* [Working data]:
──────
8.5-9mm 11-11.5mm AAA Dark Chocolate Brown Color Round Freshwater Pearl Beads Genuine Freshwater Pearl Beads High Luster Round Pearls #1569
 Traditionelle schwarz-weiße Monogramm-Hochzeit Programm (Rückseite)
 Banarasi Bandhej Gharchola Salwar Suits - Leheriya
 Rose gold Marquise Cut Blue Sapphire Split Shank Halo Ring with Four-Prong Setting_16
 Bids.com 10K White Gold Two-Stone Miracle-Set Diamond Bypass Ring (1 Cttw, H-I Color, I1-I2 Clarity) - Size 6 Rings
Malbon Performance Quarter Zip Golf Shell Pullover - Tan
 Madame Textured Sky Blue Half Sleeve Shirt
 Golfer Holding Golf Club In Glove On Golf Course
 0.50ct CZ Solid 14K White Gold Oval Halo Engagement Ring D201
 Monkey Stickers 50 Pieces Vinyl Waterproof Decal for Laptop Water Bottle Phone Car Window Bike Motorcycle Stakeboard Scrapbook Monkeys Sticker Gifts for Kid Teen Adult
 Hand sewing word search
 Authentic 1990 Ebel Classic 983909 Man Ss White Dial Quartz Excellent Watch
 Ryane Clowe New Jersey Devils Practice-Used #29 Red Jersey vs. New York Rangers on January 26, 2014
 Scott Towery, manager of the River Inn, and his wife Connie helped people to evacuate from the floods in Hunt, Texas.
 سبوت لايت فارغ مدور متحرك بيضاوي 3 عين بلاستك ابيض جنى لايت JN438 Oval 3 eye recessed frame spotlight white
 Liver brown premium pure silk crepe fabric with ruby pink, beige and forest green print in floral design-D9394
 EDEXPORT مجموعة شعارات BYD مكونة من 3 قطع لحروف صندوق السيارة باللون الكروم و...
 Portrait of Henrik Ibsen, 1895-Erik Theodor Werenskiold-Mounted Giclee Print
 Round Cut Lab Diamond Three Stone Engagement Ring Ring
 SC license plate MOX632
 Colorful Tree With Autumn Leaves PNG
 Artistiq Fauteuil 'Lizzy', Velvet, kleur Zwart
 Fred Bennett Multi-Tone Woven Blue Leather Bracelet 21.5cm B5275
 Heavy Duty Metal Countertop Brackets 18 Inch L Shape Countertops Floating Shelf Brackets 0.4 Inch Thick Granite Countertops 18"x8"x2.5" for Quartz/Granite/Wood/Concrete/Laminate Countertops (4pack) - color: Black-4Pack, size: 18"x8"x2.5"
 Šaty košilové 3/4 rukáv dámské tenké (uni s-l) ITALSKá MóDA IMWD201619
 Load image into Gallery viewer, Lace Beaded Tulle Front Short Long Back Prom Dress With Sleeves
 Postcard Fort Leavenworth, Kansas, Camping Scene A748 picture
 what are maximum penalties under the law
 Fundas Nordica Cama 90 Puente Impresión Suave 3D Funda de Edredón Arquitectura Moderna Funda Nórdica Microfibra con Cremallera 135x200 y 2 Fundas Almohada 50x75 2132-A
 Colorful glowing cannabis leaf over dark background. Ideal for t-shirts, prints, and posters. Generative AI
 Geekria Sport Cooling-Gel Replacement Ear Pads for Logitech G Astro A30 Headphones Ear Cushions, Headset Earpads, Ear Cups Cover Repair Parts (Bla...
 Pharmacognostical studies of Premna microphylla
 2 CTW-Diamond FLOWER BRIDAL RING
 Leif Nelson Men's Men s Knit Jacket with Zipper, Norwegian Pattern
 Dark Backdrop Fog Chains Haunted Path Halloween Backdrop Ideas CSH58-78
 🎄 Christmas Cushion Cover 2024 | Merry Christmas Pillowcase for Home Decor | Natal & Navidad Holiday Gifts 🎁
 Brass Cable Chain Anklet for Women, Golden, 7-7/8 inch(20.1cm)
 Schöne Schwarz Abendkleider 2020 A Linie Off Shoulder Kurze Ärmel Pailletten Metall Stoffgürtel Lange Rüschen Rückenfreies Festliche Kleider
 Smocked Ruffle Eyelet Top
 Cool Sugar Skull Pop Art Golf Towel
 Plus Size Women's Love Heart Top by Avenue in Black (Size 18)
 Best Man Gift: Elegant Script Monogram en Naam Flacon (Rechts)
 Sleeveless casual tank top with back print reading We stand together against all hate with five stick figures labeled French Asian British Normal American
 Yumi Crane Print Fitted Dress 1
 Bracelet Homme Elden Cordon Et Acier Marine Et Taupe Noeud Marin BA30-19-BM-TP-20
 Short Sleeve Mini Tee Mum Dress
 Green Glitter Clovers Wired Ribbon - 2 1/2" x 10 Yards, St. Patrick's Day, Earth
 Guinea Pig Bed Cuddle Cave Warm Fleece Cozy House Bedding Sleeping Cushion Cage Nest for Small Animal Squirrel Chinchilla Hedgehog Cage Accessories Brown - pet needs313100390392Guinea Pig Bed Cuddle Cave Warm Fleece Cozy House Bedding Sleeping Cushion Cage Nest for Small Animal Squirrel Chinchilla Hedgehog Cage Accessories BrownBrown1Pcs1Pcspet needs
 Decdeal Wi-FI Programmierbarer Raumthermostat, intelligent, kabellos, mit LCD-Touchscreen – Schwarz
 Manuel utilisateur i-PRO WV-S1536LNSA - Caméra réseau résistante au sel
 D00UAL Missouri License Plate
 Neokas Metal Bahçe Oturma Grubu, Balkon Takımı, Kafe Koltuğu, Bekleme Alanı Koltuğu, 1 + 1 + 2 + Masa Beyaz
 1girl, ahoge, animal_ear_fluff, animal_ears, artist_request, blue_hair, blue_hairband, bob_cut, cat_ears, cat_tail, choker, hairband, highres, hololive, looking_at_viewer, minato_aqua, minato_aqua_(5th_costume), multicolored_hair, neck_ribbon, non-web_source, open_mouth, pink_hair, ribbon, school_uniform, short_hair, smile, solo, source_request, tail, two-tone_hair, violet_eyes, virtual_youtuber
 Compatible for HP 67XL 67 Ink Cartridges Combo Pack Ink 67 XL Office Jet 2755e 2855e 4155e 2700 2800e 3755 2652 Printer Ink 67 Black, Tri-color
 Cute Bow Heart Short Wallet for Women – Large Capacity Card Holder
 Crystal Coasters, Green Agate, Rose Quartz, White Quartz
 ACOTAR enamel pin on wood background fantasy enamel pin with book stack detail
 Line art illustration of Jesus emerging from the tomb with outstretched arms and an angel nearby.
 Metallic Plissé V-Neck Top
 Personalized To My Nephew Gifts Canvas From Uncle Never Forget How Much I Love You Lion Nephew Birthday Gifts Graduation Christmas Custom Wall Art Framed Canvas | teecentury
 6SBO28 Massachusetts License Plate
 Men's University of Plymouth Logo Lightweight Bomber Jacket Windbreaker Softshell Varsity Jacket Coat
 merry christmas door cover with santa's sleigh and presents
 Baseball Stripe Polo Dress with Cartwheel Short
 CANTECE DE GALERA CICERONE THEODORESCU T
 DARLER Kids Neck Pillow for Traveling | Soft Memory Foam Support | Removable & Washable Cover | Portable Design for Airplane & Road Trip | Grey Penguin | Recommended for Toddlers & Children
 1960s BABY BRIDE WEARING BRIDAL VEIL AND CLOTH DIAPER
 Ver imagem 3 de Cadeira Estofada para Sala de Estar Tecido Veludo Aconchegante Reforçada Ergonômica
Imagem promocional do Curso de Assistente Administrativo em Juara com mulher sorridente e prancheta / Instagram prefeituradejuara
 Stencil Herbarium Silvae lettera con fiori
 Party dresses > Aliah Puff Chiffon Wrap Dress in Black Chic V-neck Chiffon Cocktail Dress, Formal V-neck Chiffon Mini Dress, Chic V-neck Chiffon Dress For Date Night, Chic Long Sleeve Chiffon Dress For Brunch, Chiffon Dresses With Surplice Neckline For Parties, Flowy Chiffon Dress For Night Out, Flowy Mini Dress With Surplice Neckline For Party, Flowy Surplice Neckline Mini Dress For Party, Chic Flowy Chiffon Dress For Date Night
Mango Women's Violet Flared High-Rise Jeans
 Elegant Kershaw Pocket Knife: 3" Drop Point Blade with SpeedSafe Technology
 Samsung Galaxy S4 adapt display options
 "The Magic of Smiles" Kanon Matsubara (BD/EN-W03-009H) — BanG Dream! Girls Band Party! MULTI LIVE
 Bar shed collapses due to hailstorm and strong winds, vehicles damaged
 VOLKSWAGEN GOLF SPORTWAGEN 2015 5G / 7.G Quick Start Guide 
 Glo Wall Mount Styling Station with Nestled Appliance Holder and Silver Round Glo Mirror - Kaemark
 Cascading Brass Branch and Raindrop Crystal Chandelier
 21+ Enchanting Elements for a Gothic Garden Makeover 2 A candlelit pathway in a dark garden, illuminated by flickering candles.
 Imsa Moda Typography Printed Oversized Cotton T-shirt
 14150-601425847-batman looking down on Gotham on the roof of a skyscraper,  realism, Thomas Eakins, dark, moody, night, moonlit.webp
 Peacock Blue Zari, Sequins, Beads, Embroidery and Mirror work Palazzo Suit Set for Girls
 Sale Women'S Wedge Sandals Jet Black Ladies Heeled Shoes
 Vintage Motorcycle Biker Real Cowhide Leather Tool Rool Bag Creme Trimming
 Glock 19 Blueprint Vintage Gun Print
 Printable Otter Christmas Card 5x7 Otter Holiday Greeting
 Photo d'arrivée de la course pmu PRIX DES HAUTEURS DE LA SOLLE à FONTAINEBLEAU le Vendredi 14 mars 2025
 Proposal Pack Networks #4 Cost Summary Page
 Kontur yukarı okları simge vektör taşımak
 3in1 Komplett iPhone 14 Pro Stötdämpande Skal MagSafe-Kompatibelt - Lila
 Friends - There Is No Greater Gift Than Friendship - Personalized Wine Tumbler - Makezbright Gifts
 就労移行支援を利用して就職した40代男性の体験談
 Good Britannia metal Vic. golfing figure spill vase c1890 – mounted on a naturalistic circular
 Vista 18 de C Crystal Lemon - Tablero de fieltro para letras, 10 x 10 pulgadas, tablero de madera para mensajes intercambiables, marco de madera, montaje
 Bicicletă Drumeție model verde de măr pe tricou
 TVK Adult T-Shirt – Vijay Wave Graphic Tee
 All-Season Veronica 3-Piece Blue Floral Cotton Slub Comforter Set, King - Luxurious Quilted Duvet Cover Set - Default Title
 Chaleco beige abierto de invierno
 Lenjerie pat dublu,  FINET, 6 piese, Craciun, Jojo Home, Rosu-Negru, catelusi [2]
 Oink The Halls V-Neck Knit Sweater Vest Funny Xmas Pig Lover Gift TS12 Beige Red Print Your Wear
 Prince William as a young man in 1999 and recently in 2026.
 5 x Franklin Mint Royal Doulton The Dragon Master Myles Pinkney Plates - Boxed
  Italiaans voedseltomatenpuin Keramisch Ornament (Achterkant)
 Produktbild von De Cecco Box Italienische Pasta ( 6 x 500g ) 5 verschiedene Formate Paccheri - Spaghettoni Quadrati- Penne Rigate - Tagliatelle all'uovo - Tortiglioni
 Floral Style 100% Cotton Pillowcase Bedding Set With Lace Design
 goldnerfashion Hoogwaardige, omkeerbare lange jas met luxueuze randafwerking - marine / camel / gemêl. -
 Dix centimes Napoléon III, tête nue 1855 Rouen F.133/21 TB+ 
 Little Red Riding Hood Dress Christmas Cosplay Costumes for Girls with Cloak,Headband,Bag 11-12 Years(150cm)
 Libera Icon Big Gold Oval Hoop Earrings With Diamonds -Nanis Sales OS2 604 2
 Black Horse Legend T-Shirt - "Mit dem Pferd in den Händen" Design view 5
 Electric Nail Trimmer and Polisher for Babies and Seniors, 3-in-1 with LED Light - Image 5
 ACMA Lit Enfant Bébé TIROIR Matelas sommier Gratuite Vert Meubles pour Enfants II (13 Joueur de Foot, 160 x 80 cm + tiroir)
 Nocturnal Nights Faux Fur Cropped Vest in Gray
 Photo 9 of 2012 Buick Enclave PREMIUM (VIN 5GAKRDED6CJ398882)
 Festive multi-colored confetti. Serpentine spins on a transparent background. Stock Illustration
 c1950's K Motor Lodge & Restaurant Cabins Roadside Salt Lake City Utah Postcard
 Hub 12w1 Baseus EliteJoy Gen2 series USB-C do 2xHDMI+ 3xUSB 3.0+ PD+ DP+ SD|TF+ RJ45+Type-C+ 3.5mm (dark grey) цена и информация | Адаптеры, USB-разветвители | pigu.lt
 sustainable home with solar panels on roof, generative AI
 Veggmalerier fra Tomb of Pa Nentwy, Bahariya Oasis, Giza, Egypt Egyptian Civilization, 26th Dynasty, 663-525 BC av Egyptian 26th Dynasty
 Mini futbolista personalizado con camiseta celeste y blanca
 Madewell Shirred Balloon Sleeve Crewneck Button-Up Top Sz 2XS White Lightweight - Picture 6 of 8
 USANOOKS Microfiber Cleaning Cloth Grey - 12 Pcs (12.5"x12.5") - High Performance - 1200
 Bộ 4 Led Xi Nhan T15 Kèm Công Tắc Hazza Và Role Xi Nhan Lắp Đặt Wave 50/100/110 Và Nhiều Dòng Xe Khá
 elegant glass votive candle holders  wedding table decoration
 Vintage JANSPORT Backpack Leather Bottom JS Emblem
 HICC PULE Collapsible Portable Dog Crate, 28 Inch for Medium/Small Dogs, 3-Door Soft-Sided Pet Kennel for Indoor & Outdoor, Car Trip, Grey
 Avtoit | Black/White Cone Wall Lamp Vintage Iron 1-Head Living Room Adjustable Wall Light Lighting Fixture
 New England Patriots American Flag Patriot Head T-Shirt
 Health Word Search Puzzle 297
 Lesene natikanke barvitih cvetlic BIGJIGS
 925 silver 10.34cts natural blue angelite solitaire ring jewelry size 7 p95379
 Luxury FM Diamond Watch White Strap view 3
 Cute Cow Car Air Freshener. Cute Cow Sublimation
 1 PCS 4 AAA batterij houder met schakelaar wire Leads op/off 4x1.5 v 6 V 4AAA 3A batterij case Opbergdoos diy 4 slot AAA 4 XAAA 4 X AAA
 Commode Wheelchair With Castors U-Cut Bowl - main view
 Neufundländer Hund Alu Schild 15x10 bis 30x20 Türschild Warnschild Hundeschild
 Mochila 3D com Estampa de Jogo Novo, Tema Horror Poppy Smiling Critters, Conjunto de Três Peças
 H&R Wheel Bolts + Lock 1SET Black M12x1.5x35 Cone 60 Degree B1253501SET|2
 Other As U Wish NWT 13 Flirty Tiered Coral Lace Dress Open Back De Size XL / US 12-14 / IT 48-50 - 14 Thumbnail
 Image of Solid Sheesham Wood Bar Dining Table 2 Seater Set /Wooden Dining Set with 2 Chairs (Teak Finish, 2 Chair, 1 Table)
──────
* [Your objective]: Pull out every line of the entries that includes the word "Vest".

* [Exercise answer]:
 Oink The Halls V-Neck Knit Sweater Vest Funny Xmas Pig Lover Gift TS12 Beige Red Print Your Wear
 Nocturnal Nights Faux Fur Cropped Vest in Gray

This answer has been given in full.